Benning gave the Kings his second-round draft pick and Madden, the 160-pound Northeastern University scoring star who appeared as high as third on a lot of insiders’ prospects rankings for the Canucks, but was deemed expendable by hockey operations in light of the tidal wave of other Vancouver prospects rolling towards the NHL.

“I feel we have seven players, young players, in our system that I think are going to be on our team here in the next two or three years,” Benning said. “I count, like, seven on the conservative side. That’s a third of the team. With the five or six or seven young guys we have now, that’s two-thirds of our team in the next three years that are going to be 25 years or younger.

“I don’t think it’s a change in philosophy, I just felt like we have enough depth in prospect pool that we can give up (Madden).”

Benning did not identify his super seven, but we’re guessing it’s something like: forwards Nils Hoglander, Vasily Podkolzin and Kole Lind, defencemen Olli Juolevi, Brogan Rafferty and Jack Rathbone, and goalie Mike DiPietro.

Toffoli, a 27-year-old former Stanley Cup winner who is on an expiring contract, is a close friend and former linemate of Canucks forward Tanner Pearson. But on Tuesday, Toffoli practised in Boeser’s spot beside Elias Pettersson and J.T. Miller.

Just 2-4-1 in their last seven games and with their playoff cushion deflated to just four points before the chasing Winnipeg Jets played the Kings on Tuesday, the Canucks face the Minnesota Wild on Wednesday at Rogers Arena.

“We always got along with each other,” Pearson said of Toffoli. “We lived in the same building in Manchester (in the minors). When we first got called up, we spent summers together in L.A. and lived together there. I probably spent too much time with him, to be honest.”

Of Toffoli joining the Canucks, Pearson said: “We’ve kind of been talking about it here and there for a bit, just joking around about it. And then he texted me (Monday) and said this actually could be happening. He called me probably an hour later and said ‘it looks like it’s done.’”

“I probably iced him a little bit because I had 100 other people calling,” Toffoli said. “It was one of those things where I was, not hoping, but looking forward to this opportunity.
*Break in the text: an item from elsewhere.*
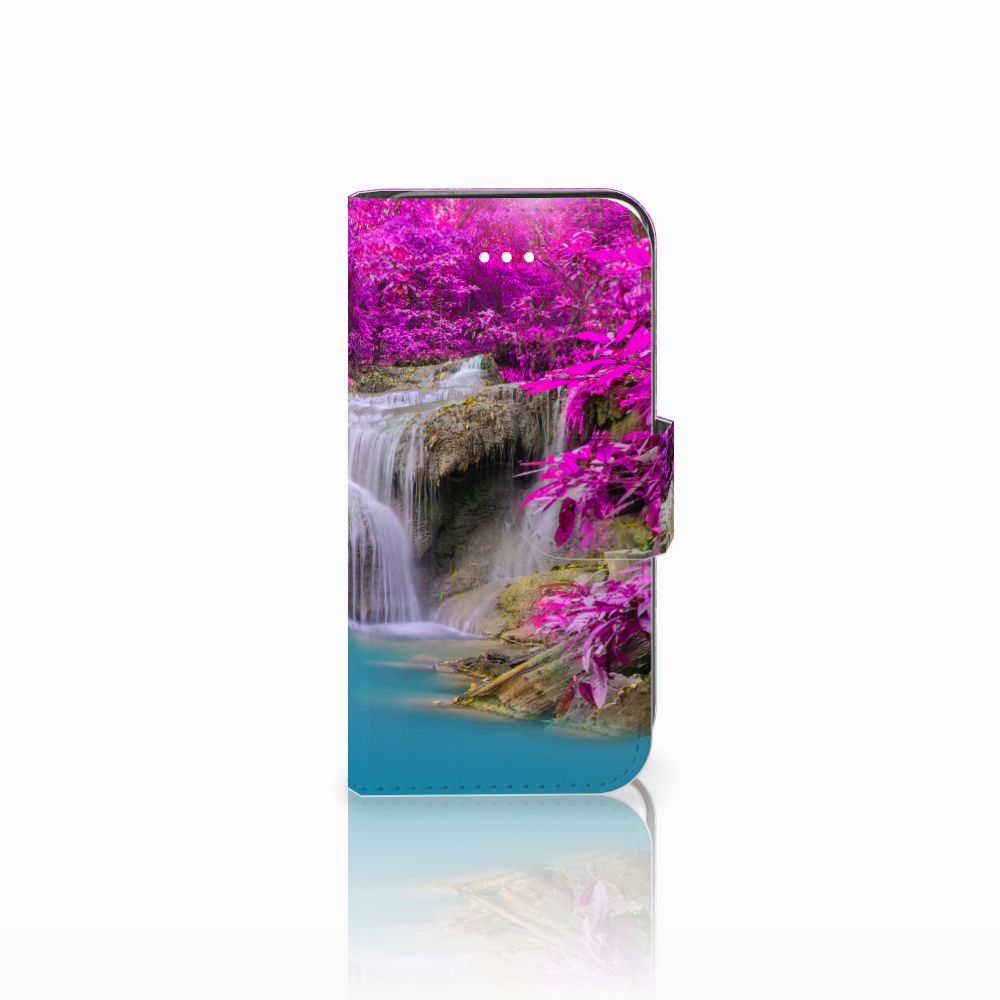 Apple iPhone 5 | 5s | SE Flip Cover Waterval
Today was as easy as could be from what I was expecting.”

Toffoli said he knew a few of the Canucks, including former King Oscar Fantenberg, and that the group instantly made him feel comfortable. Toffoli already had intel that “J.T. likes to talk a lot, so we’ll just go from there and just read off of each other.”

“That’s not chirping, that’s just facts,” Miller said. “I’ve watched Tyler a lot since we came into the league the same year, and he’s a super-talented player. I’m pumped.”

Benning hoped the players would be pumped. He said several times during his press conference that, in the wake of bad injury news on Boeser and Ferland, the GM felt he owed it to players, coaches and fans to do what he could to bolster the team so the Canucks could climb out of the black hole and make the Stanley Cup Playoffs for the first time since 2015.

“The Michael Ferland news, I think that was kind of like the first shoe to drop,” Benning said. “When we had a better idea where Brock was going to be at, I felt the need to try to do something to help our group to be competitive from now to the end of the year.”

Defenceman Tyler Myers said: “As a player, this (trade) excites us. When you have a team this time of year that you feel can not only make the playoffs but do something when you get there, this is what you want. Especially losing a guy like Brock here, the addition of Tyler is huge for our group. It’s really nice to have him.”

Transferring Boeser to the long-term injured list conveniently allowed the Canucks to fit Toffoli’s $4.6-million salary under the NHL cap. Benning said he wants to re-sign Toffoli before he becomes a UFA.

“Jim’s helping us out,” Pearson said. “Now it’s up to this room to pretty much back that up.”